A Computational Perspective on Sampling (survey)

Webpage for a survey by Oded Goldreich


We consider the problem of estimating the average of a huge set of values. That is, given oracle access to an arbitrary function $f:\{0,1\}^n\to[0,1]$, we wish to estimate $2^{-n} \sum_{x\in\{0,1\}^n} f(x)$ upto an additive error of $\epsilon$. We are allowed to employ a randomized algorithm that may err with probability at most $\delta$.

We survey known algorithms for this problem and focus on the ideas underlying their construction. In particular, we present an algorithm that makes $O(\epsilon^{-2} \cdot \log(1/\delta))$ queries and uses $n+O(\log(1/\epsilon))+O(\log(1/\delta))$ coin tosses, both complexities being very close to the corresponding lower bounds.

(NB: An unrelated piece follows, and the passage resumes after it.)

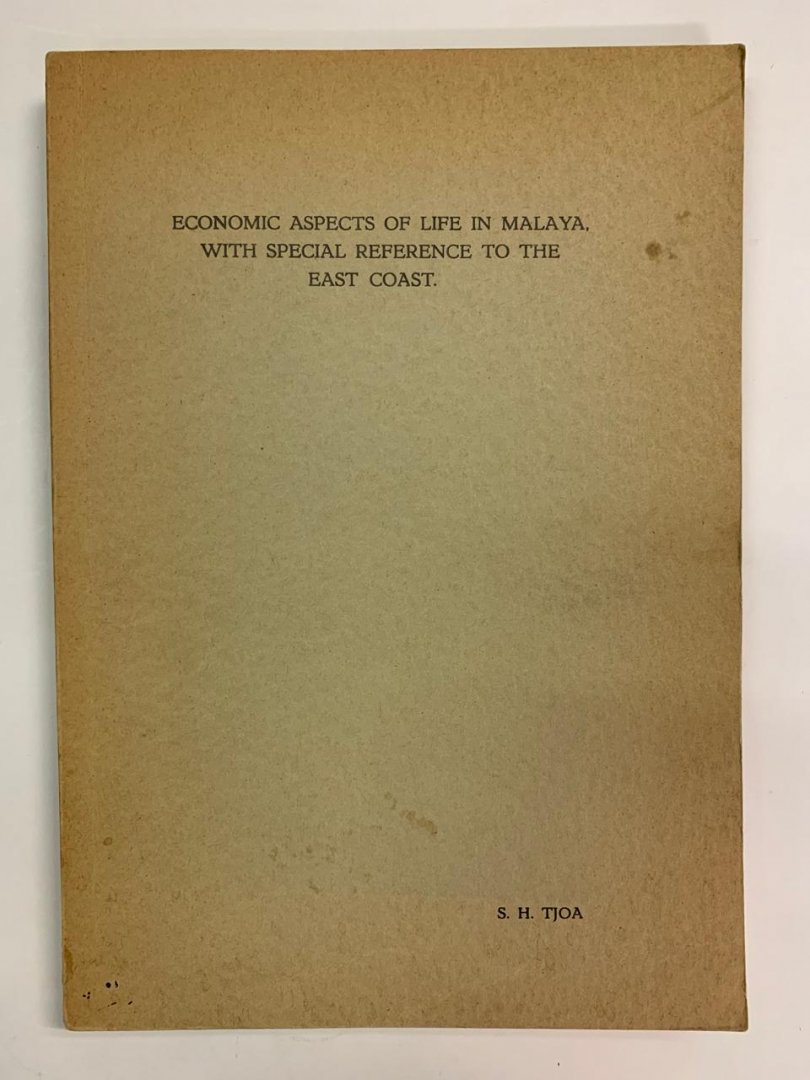 S.H. Tjoa - Economic aspects of life in Malaya with special reference to the East Coast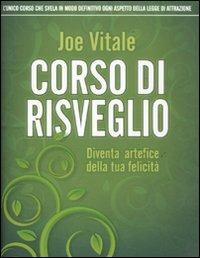 Corso di risveglio. Diventa artefice della tua felicità - Joe Vitale - copertina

The idea of writing this survey occurred to me when finding out that a brilliant, young researcher who has worked in very related areas was unaware of the Median-of-Averages Sampler. It then occurred to me that many of the results surveyed here have appeared in papers devoted to other subjects (indeed, the Median-of-Averages Sampler is an excellent example), and have thus escaped the attention of a wider community, which might have cared to know about them. I thus decided to write a survey that focuses on these very basics.